TASK DESCRIPTION:
Among the lines below, output only those between the line holding "Fototapeta premium Cute" and the line holding "2m x 3m Lean", inclusive, exactly as written and with no pictures.

DATA LISTING:
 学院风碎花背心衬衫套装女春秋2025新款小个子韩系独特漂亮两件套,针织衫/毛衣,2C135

---

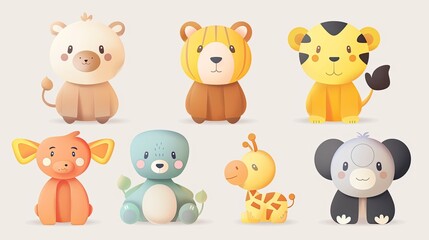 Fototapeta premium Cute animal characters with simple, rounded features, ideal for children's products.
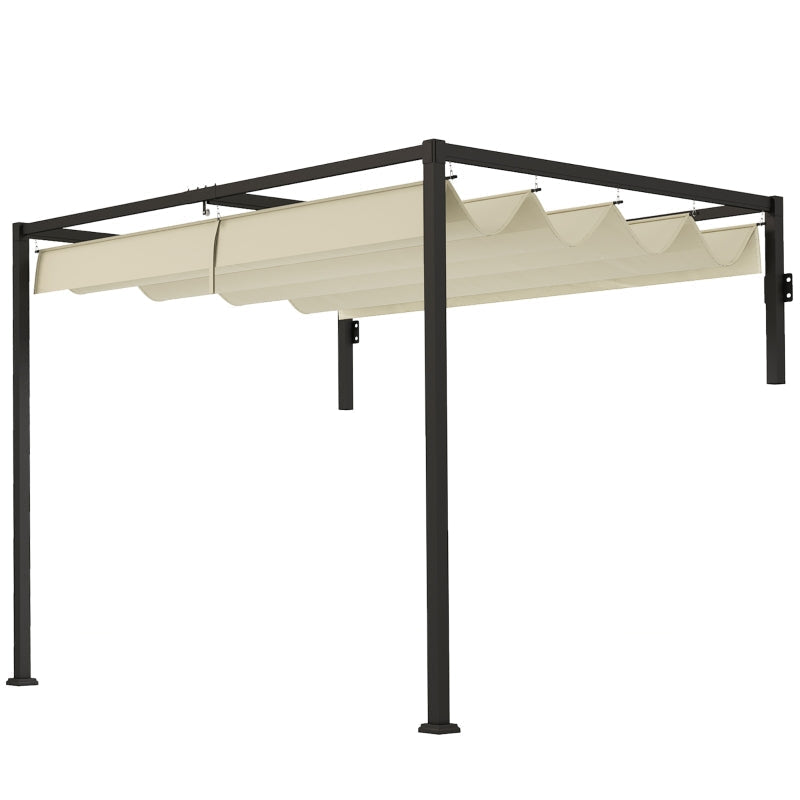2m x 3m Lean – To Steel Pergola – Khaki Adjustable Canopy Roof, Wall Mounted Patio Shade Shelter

* * *

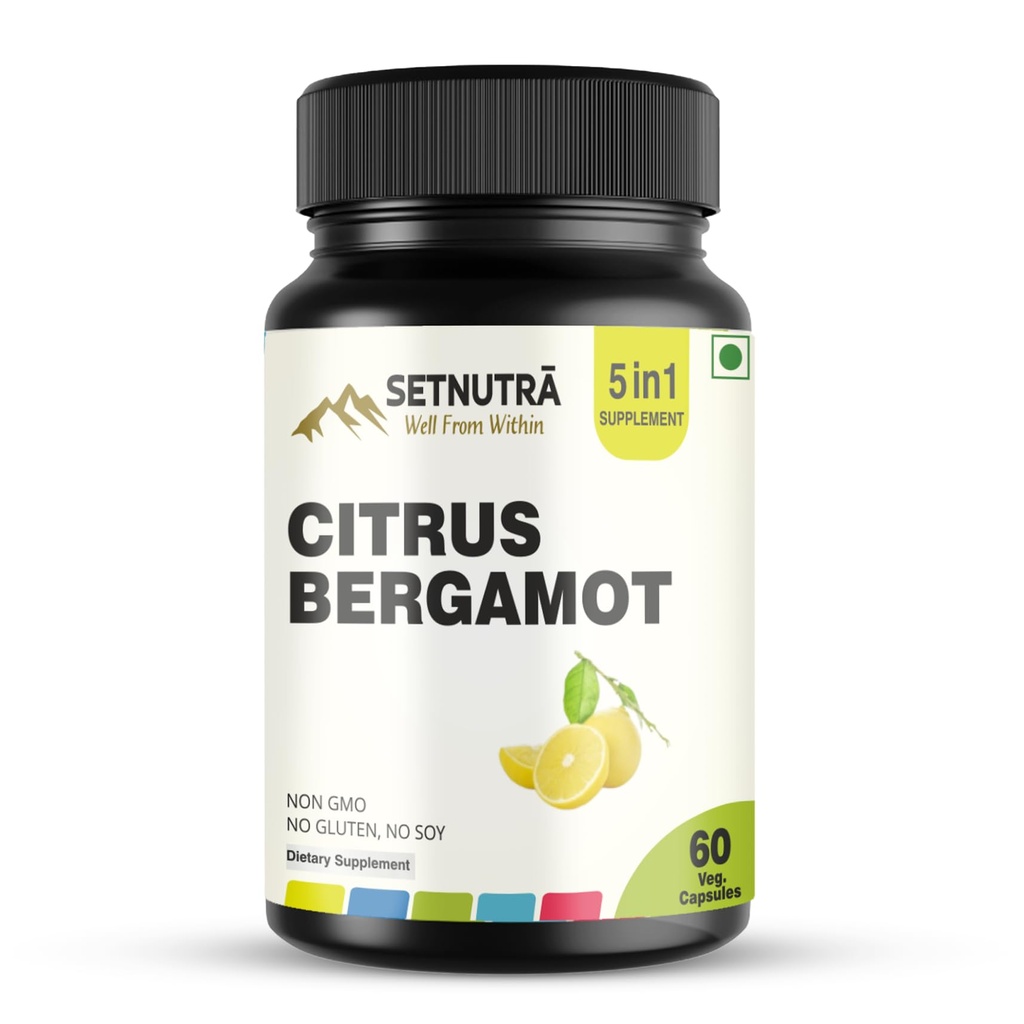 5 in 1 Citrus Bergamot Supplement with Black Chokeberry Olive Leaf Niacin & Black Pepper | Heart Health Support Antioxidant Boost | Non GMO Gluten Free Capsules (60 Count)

YOUR RESPONSE:
 Fototapeta premium Cute animal characters with simple, rounded features, ideal for children's products.
2m x 3m Lean – To Steel Pergola – Khaki Adjustable Canopy Roof, Wall Mounted Patio Shade Shelter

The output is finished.